Jonathan Larson and Stephen Sondheim
While still in college, Jonathan Larson wrote a fan letter to Stephen Sondheim. To his surprise, Sondheim wrote back. What began was a correspondence that would last the rest of Larson’s days as Sondheim became a mentor and friend.
Initially, Larson was interested in becoming an actor, and it was Sondheim who encouraged him to be a composer, recognizing his incredible talent. Larson’s father, Allan, recalls, “Sondheim told him there were a lot more starving actors out there than starving composers.” Sondheim also encouraged him to become involved with the American Society of Composers, Authors, and Publishers (ASCAP). Larson described ASCAP as “a sort of 12-step meeting for people who write musicals” but, he told American Theatre, his experience with other composers he met through the organization gave him greater confidence in his work.
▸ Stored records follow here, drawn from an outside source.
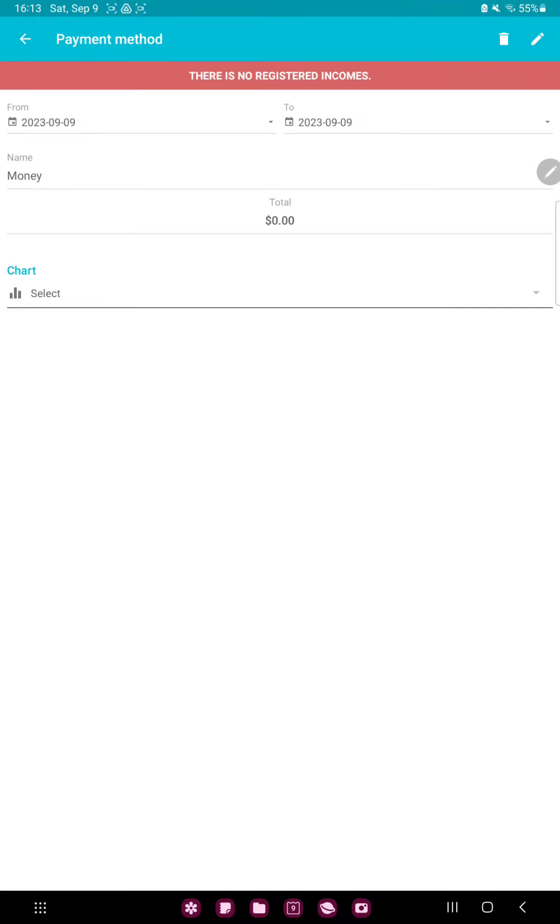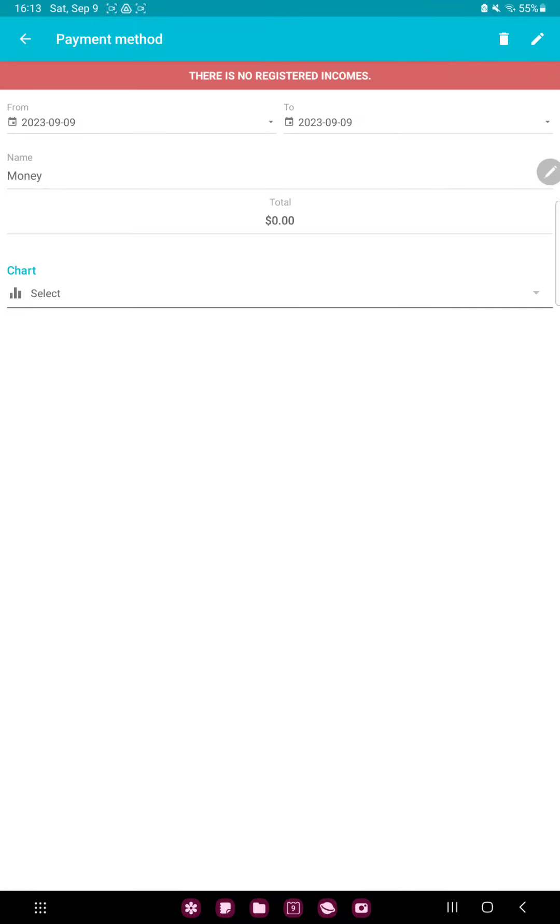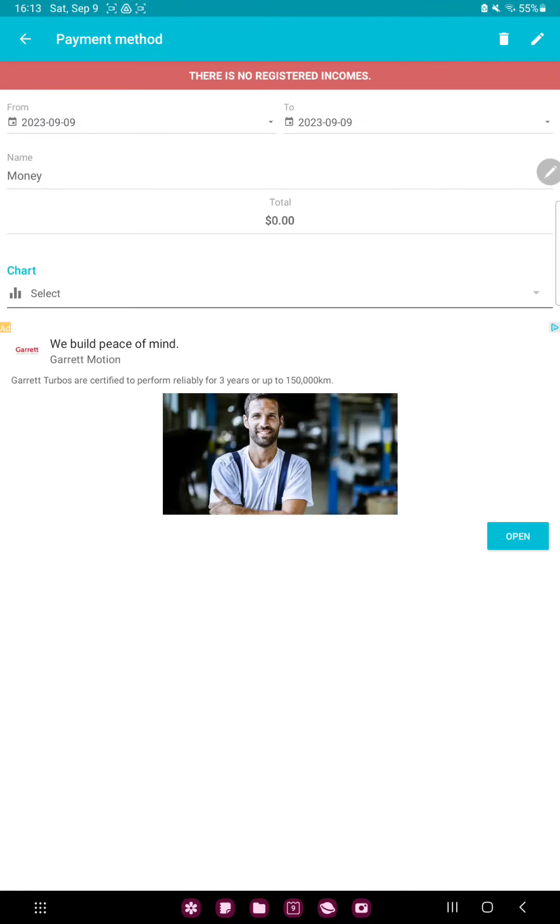Select for example the money and you can add the data, the name of the payment, and you can check the total price. And you can edit the chart.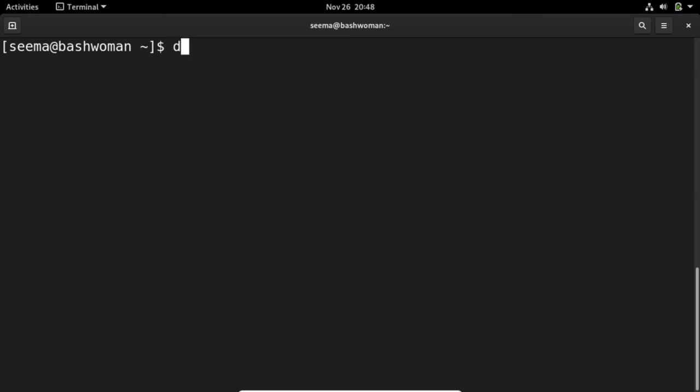So now, what is the dnf command? DNF or Dandified Yum is the next generation version of Yellow Dog Updater Modified.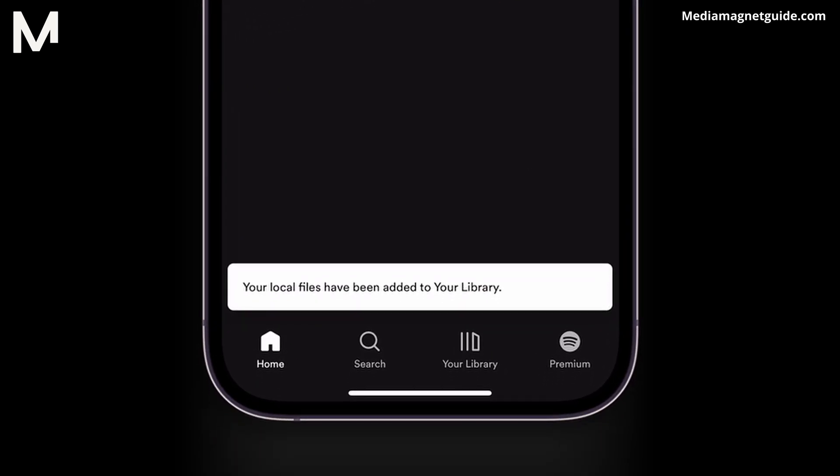Once activated, you'll receive a confirmation message stating that your local files have been added to your library.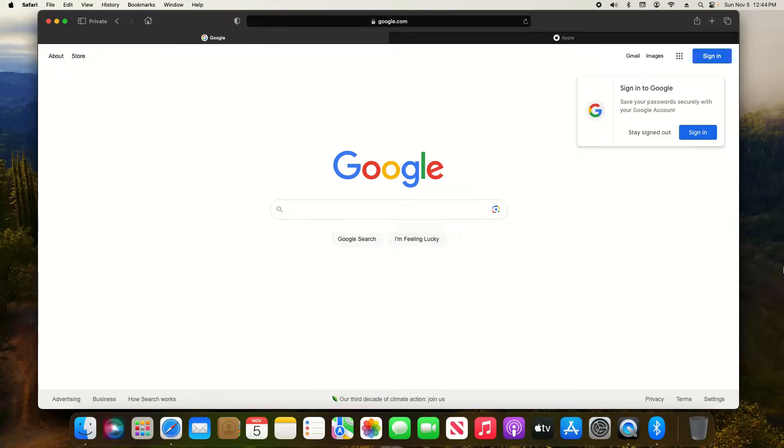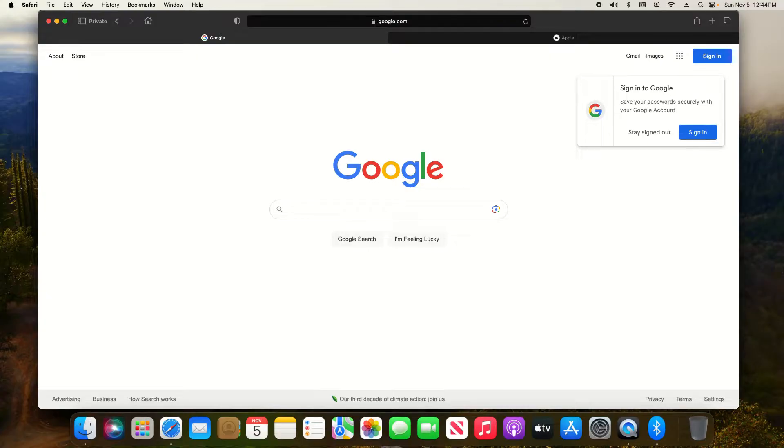Welcome to this video. Today I'm going to walk you through how to allow or not allow pop-ups in Safari.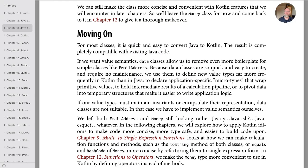Well, that's the end of Java to Kotlin Classes. We've seen how to use the automatic conversion, we've seen how handy data classes are, and we've seen that they're not always applicable. The Kotlin versions of our Java classes may be a little easier to read, but we're certainly not done with them. We'll return to both the EmailAddress and Money types in later chapters — in particular, Chapter 9, Multi to Single Expression Functions, and Chapter 12, Functions to Operators.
Sondheim would often write letters of recommendation for Larson to various producers in order for Larson to get developmental readings on his musicals.
Routinely over the years, Larson would send Sondheim his work for Sondheim’s opinion. In one example, for his musical Superbia, Sondheim wrote back that his song “LCD Readout” was amazing. However, Larson did not always take Sondheim’s suggestions. By the time he had written some 100 songs, Larson said, he knew when to accept and when to reject the comments of a would-be critic – even Sondheim.
Larson paid tribute to his mentor in his works. There is the shoutout to Sondheim in “La Vie Boheme,” the song that ends Act One in RENT. In tick…tick…Boom!, Larson’s autobiographical show, he calls Sondheim “my idol, a composer-lyricist so legendary his name may not be uttered aloud by me.” The show also features a parody song called “Sunday” based on Sondheim’s Sunday in the Park with George. Only, instead of an artist at an idyllic scene in a park, the singer is an overworked restaurant server at a frantic and chaotic diner.
The two last spoke about a month prior to Larson’s untimely death. Reflecting on their last conversation, Sondheim told Entertainment Weekly that Larson “was learning to swallow his pride….He felt pleased with himself for growing up.” And, while Sondheim had doubts that pop and musical theater could blend together successfully, he nevertheless thought Larson was on his way to achieving that. After Larson’s death, Sondheim said that RENT would have been the composer’s breakthrough work. In an interview with The New York Times, Sondheim said that Larson was one of the few people “attempting to blend contemporary pop music with theater music; he was on his way to finding a real synthesis… A songwriter who works in the theater must have a sense of what is theatrical, of how you use music to tell a story, as opposed to writing a song. Jonathan understood that instinctively.”
If only Larson had lived long enough to fulfill his mentor’s prophecy. In Larson’s final interview, the night before his death, The New York Times classical music critic Anthony Tommasini compared him favorably to Stephen Sondheim. Larson left the interview elated with the knowledge that through Sondheim’s guidance and their special relationship – he was on his way to greatness.